The Chelsea Girls(13)
We whooped and hugged each other. I asked him what happens next.
“He can’t go back to Germany, nor stay here. We’ll have him released to the British forces, and taken to England.”
Paul will be safe. That’s what counts. While I’d love to see him again and say goodbye, wish him well, at least we know he’ll be safe.
I know why Hazel got so tied up with Paul, even if they don’t share the same language: She sees her dead brother in him. We don’t speak about that, of course. For me, it’s also personal.
I was out with my grandmother, when I was fifteen. We were shopping downtown, and I was proudly wearing grown-up shoes with a heel for the first time. I tripped over my own feet, splattered down on the sidewalk. My grandmother shrieked, then rattled off a scolding about picking up my feet when I walked, that I should stop scuffling along like a mule.
But in her frustration, she’d spoken German.
Before long, we were surrounded by angry men.

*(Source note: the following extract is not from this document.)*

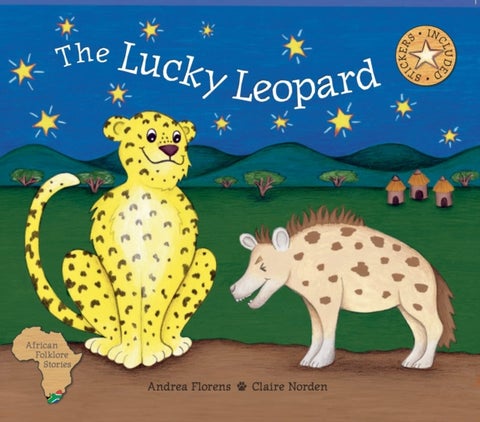The lucky leopard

I began crying, and they thought it was because I was afraid of a German stranger who’d pushed me. My grandmother stepped away from me, fear-stricken at having revealed herself, her nationality. A few men spat at her, called her a Kraut.

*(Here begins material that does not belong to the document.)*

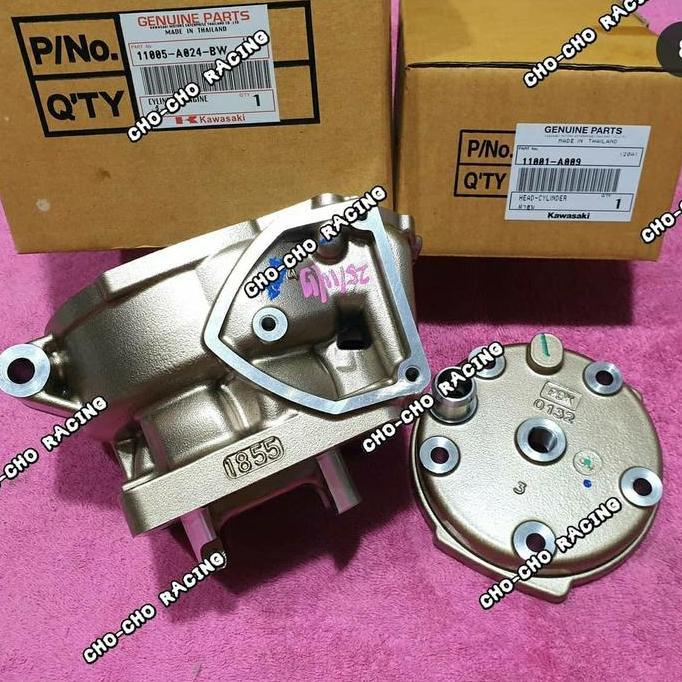 BLOK BORING PDK GOLD DAN HEAD PDK SIZE B ORIGINAL THAILAND KODE BW ORIGINAL DAN TERPERCAYA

The injustice enraged me, and my teenaged embarrassment of drawing attention to myself faded fast. “Nein. Sie ist meine Gro?mutter.”
The crowd grew silent. I repeated the words, in English. “She’s my grandmother.”
Of course, that was the wrong thing to say, as it only incensed them further. Then a woman stepped into the crowd, a woman with a deep voice like thunder and the stature of Cleopatra, and mouths dropped. That was how I met Lavinia Smarts. I’d fallen on my face right in front of the theater where the actress was playing Lady Macbeth, and she took our hands and led us inside, to safety. Just as I’d saved Paul. I’m still not sure how I had the nerve to get into the driver’s seat of the Jeep and slice through the crowd, but it was like an invisible line connected me to those boys. I remembered Lavinia’s determined expression as she plucked me and my grandmother from danger, bringing justice to the world, and I couldn’t let her down.
The Seattle Repertory Playhouse, run by a kindly couple named Florence and Burton, became my refuge. The plays they put on were fancy, with lots of poetic lines—Shakespeare and Chekhov. But I watched every rehearsal and helped out at the box office before landing a couple of small parts as a reward for my industriousness, eventually winning bigger roles. The professional actors passing through, including Lavinia, regaled us with stories of New York City, and I decided then and there to head east after high school.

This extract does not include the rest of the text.